New Year, new thinking

Flooded field in Market Rasen
Bankers

Once, it was simple and easy to see
I had extra bulls and I needed poultry
you had extra chickens and needed a steak
A swap was the easiest way to partake

Someone invented the mint one fine day
Then we could use shiny coinage to pay
I paid you for chickens and sold Bert the beef
And you could buy oysters and prawns from the chief

Thus far it is easy to follow ye ken
I sell you real stuff, you can sell it again
I get a real coin with a value and know
That I can buy other stuff, quick cash and go

But here's what I don't understand any more
The way that it works seems wrong at the core
If I sell my house to a guy and his honey
They get a house and I get the money

But a lot of the markets alas and alack
They sell what they don't have and then buy it back
The banks got our money and some of our tax
And they're using that now to screw us to the max

I'd like to know who is in charge of this mess
The great machine clanks and the people have less
Though the world seems as bountiful as it did ever
The bonuses seem to reach my people never

F. Berry March 2013

Something has gone badly wrong with our economics system.  Farmers can't sell the wool they have, yet wool for a jumper costs more than a ready-made sweater from a shop.  Dairy farmers have gradually gone out of business, and more and more have taken a suicidal way out, when the price of milk has dropped. Meanwhile we have begun importing milk from other countries in the EU.

When talk of Brexit led to discussions about the things which might suddenly become scarce, we learned that we export 40% of our tomatoes... and meanwhile we import 40% of our tomatoes from the EU.  This just doesn't seem to make sense to me - I know that we have decided that the balance of goods out and goods in are an important part of our economic system, but that isn't laid down by some deity in the sky - it is something we can change.  And it seems to me that on the brink of leaving the EU, we should first be discussing whether it is a desirable thing to add miles of travel to the costs of basic items like tomatoes.  For the planet, it has to be a good thing for milk, tomatoes and meat to be grown locally to the places where they are consumed.
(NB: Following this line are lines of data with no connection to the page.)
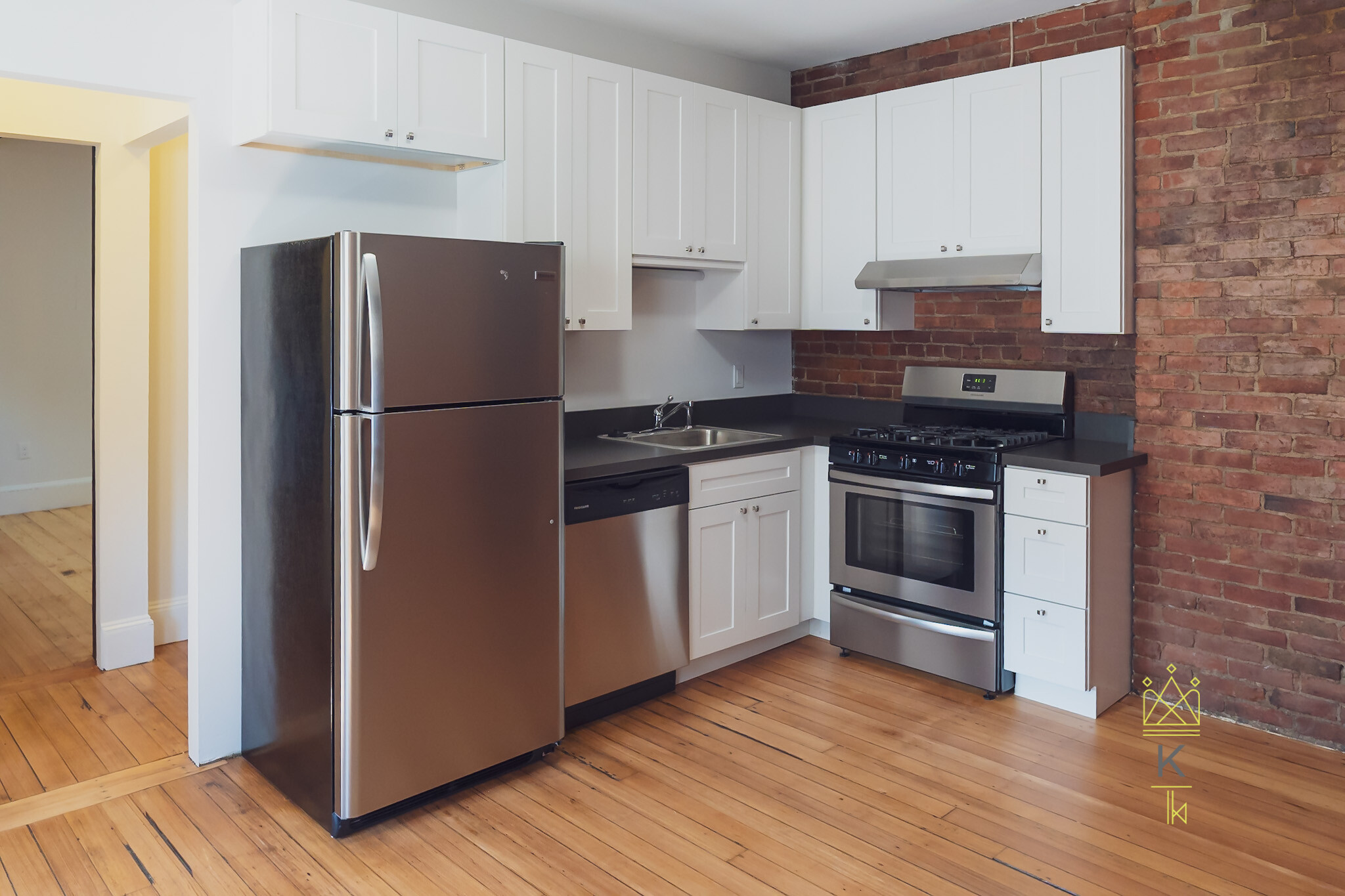 41 Harvard St, Brookline Village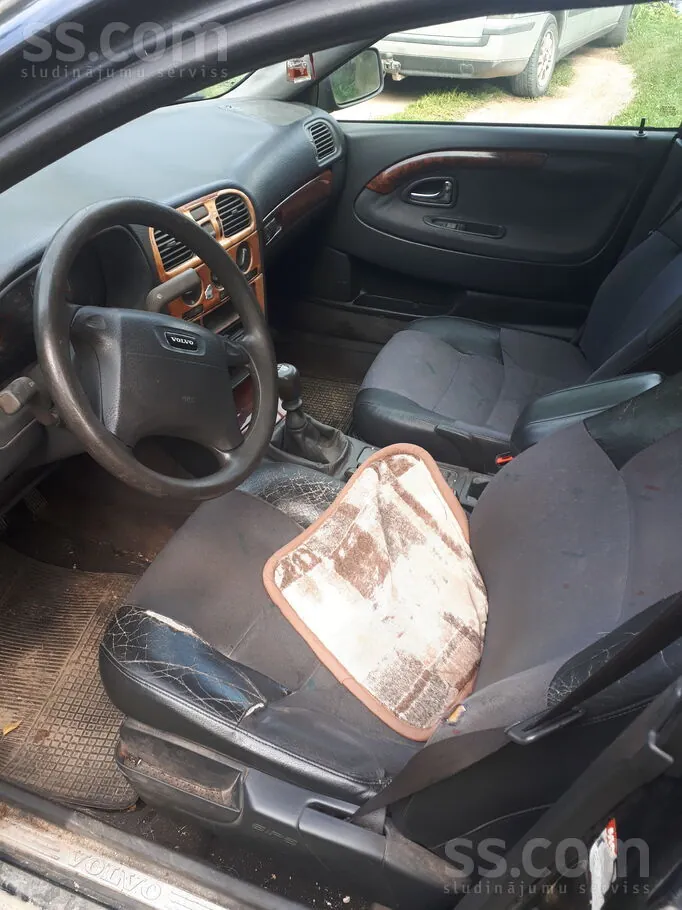 Volvo S40 1997 photo 4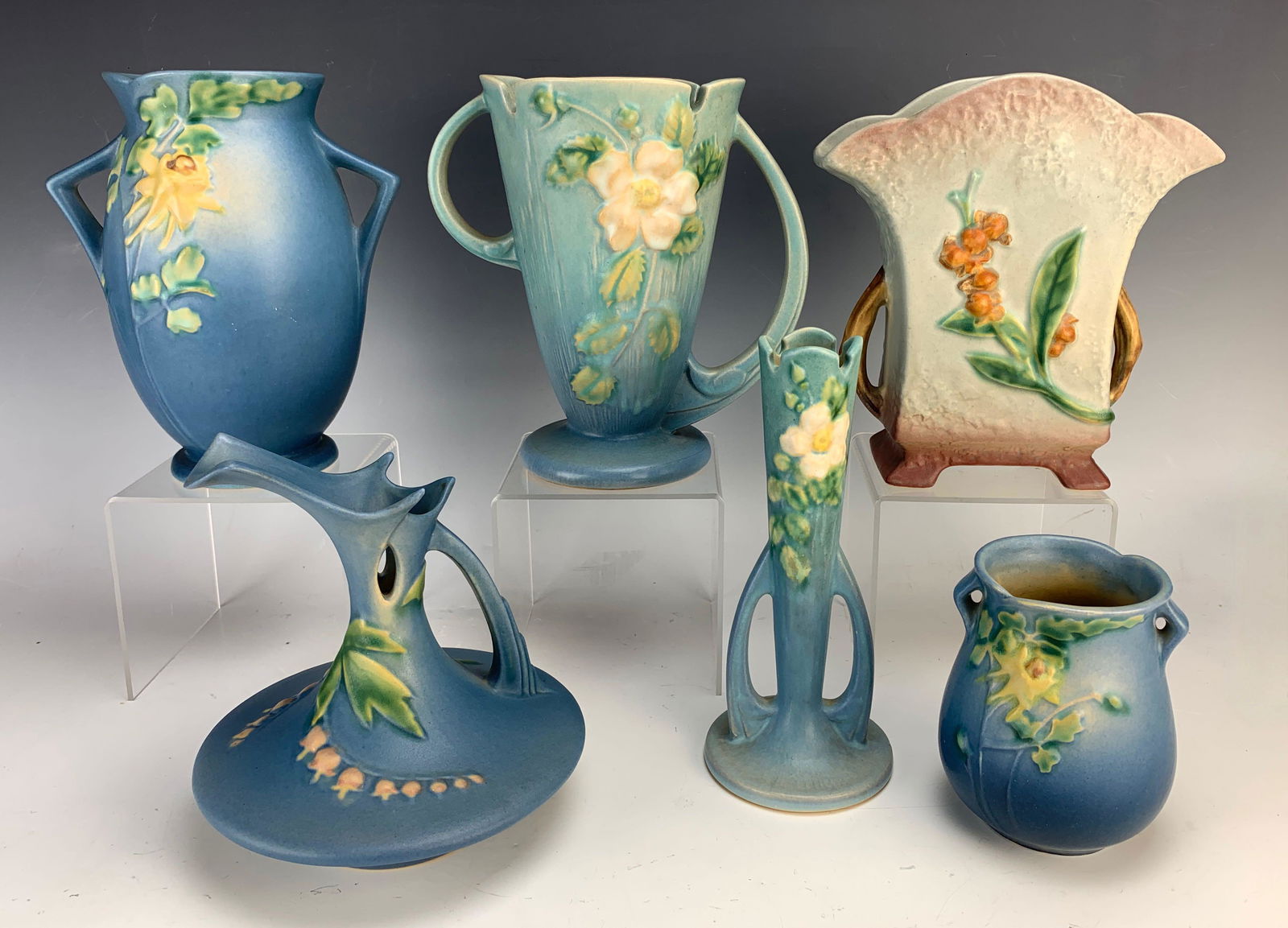 Group of 6 Assorted Roseville Pottery C. 1940's (1 of 6)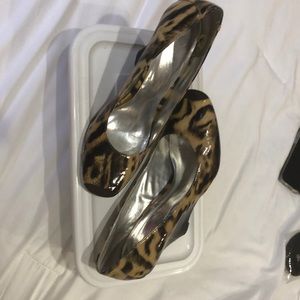 Super cute wedge heel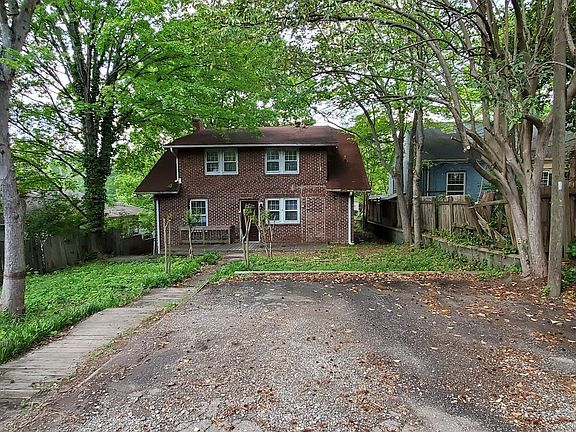 3rd image of 1205 W Friendly Ave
I think that one of the things which has gone wrong with our system is that we have allowed people to gamble on the outcome of crops and thus have divorced the cost of things from the actual value of them.  We have also not valued the sustainability of crops or good management in producing them. 

I think we need to stop arguing about whether global warming is man made or part of a natural cycle and recognize that whichever it is, our systems for manufacture, building housing and crop management needs to be realistic and to plan for the changes which may be to come.  We need to stop building housing where floods are likely to happen.  We need to start building to recognise the dangers of flooding in particular areas.
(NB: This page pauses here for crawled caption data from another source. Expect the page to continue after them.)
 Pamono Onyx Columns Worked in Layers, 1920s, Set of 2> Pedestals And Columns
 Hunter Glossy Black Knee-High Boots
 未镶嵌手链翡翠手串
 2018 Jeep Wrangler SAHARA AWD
The Netherlands is under sea level in many places, and a system of dykes and flood management measures have kept the country safe from flooding for many years.  We could learn from that experience.

I think that physically, man is meant to be omnivorous, and there are some nurtients that are hard to obtain from a vegetarian or vegan diet, but that doesn't mean that I believe that our current system of industrial food production is good for us or our planet.  We need to return to a time when a very small amount of meat or fish went a long way, and the diet was mostly fruit and vegetables - and we need to find ways of promoting the production of more fruit and vegetables.  Meanwhile, the traditional orchards of England are being converted to wine production, and the land is being farmed out in many places.  We could learn from permaculture, and the innovative ways that food is being produced in inhospitable places - and producing a better and more bioactive soil.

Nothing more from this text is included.